These spectral reflectance standards are widely considered to have a constant reflectance at their nominal reflectance value. However, although they are highly uniform compared to other reflective materials, their reflectances are never perfectly constant and can vary with respect to wavelength. Reflectance standards are usually supplied with individual traceable laboratory-certified absolute reference reflectance values across the spectral range for which these targets are intended to be used, typically covering the UV, visible and SWIR (short-wave infrared) spectral regions. Figure 6 shows the variability that exists for the certified reflectances of five different reflectance standards with nominal reflectances of 99% and 50%.

(a) Spectral reflectance for three different 99% targets.
(b) Spectral reflectance for two different 50% targets.
Figure 6: Variability in spectral reflectance for various reflectance standards at 99% and 50% nominal reflectance.

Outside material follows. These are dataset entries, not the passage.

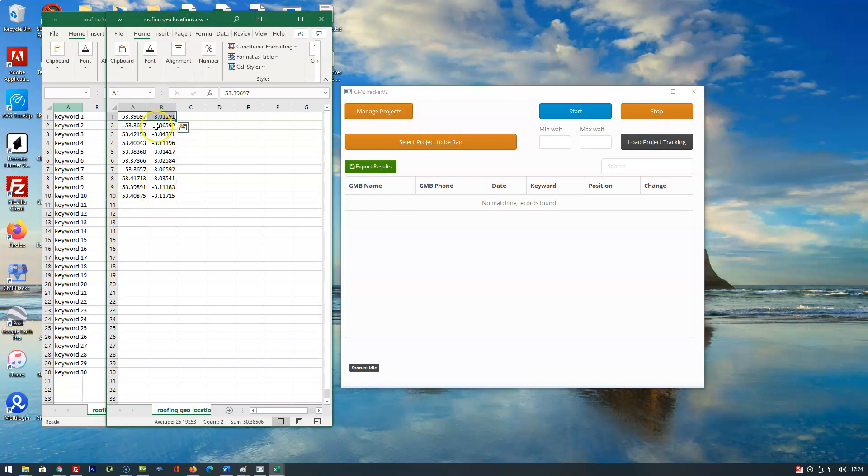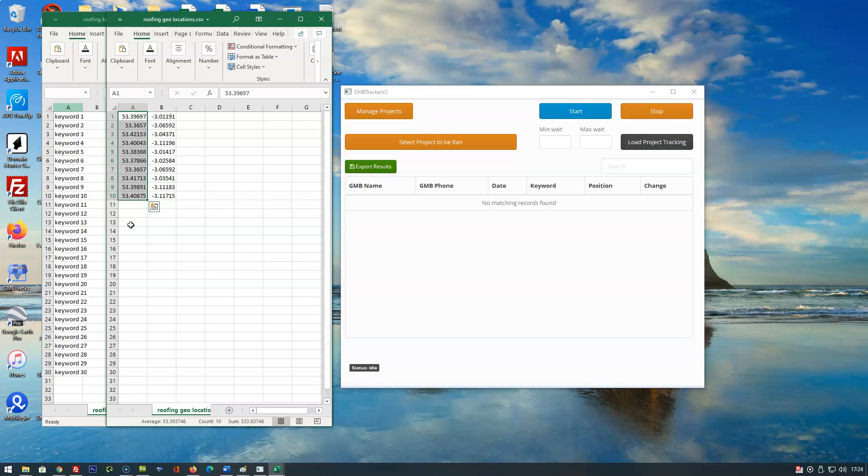So we've got 10 locations and we've got 30 keywords, so the software will provide you with 300 search results. There's no credits that are needed for this.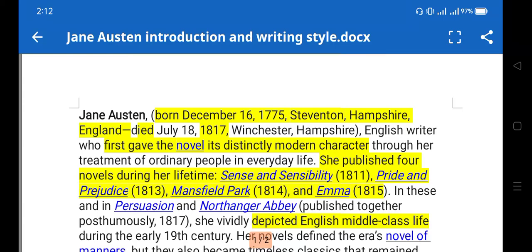Hello friends, welcome to my channel. In this video I'm going to discuss Jane Austen and her writing style. Before we begin the work of any writer, we must understand their writing style — that is very important. The writing style is reflected in the work, so we'll discuss the writers in our course, their writing style, and then I'll be discussing their work individually.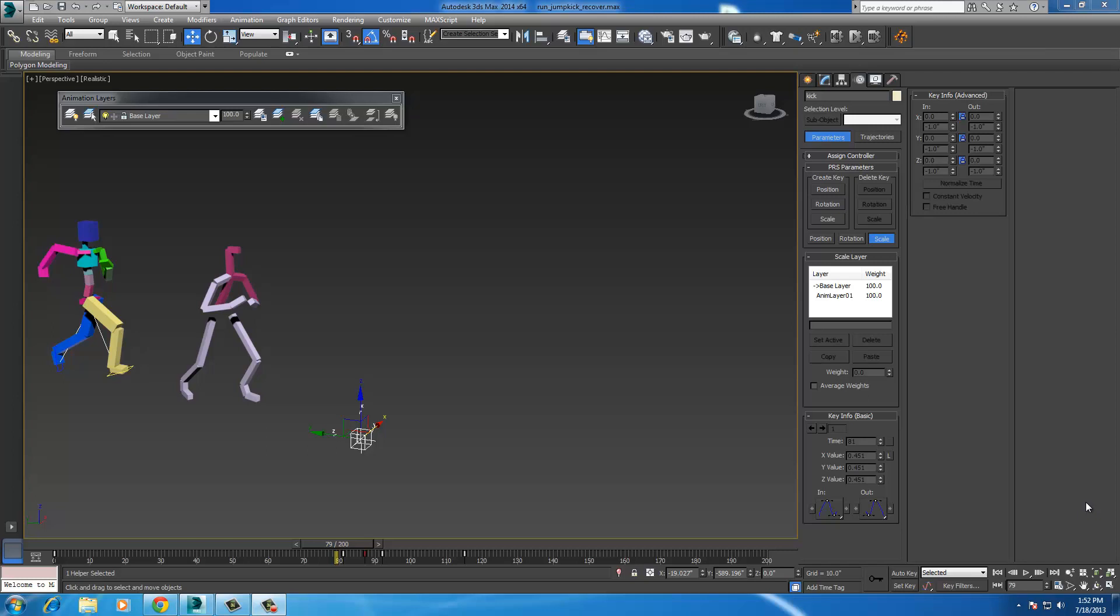Hi, this is David with Braindesign.com and this is a CAT quick tip. This tutorial or tip presumes that you already know how to use the CAT system in 3ds Max. I don't want to rewrite the book, there's some great tutorials out there and I will link them on my website next to this video.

Although the 99% reflectance targets are close to uniform over the visible to near infrared region, this is no longer the case from 1500nm to 2500nm. Indeed there are inflections in the spectral curves at around 2130 and 2230nm for all three 99% targets with the reflectance in reality ranging from 90% to 99%. For the 50% reflectance targets examined, the differences are greater still with our two examples exhibiting diverging gradients and real reflectances which vary from 37% to 67%.

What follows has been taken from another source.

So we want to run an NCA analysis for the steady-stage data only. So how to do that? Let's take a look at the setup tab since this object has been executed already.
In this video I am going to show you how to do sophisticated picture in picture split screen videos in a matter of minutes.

Thus, in order to accurately calibrate hyperspectral data to absolute reflectance factor, especially in the short-wave infrared region, the supplied certified reference reflectance values should be used to normalize the hyperspectral data individually for each spectral band rather than just assuming a constant fixed reflectance across the entire spectral range.

3.1.2 Reflectance Standard Statistics

There are also a number of subtle statistical errors that can be introduced when processing reflectance standards, as even the best maintained reference standards can get dirty, causing incorrect values to be obtained. One way to avoid this is to exploit the fact that we have a line-scan set-up and can average the data points for each column of the reference target. In this way, the effect of dirt can be reduced. However, such a method, although an improvement on a spot measurement is still subject to bias if done naively. In order to better understand our data, it is useful to first analyze the results obtained from the reference targets in terms of homogeneity and spatial behavior.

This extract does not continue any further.